### STORED DATA ###

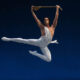 Paulo Arrais in George Balanchine's 'Apollo', ©The George Balanchine Trust. Photo by Brooke Trisolini, courtesy of Boston Ballet.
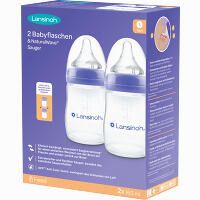 Lansinoh Babyflasche&naturalwave Sauger S 160ml 1 Stück - ab 4,55 &euro;
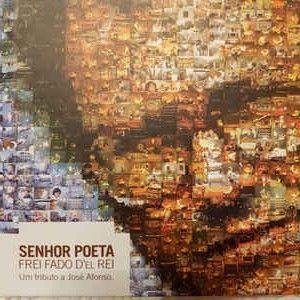 Portada de Álbum "Senhor Poeta", de Frei Fado D'el Rei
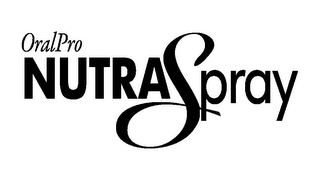 ORALPRO NUTRASPRAY logo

###

HOW TO COMPLETE THIS TASK
Output the full material above exactly, leaving every picture out.

RESPONSE TO THE TASK
 Paulo Arrais in George Balanchine's 'Apollo', ©The George Balanchine Trust. Photo by Brooke Trisolini, courtesy of Boston Ballet.
 Lansinoh Babyflasche&naturalwave Sauger S 160ml 1 Stück - ab 4,55 &euro;
 Portada de Álbum "Senhor Poeta", de Frei Fado D'el Rei
 ORALPRO NUTRASPRAY logo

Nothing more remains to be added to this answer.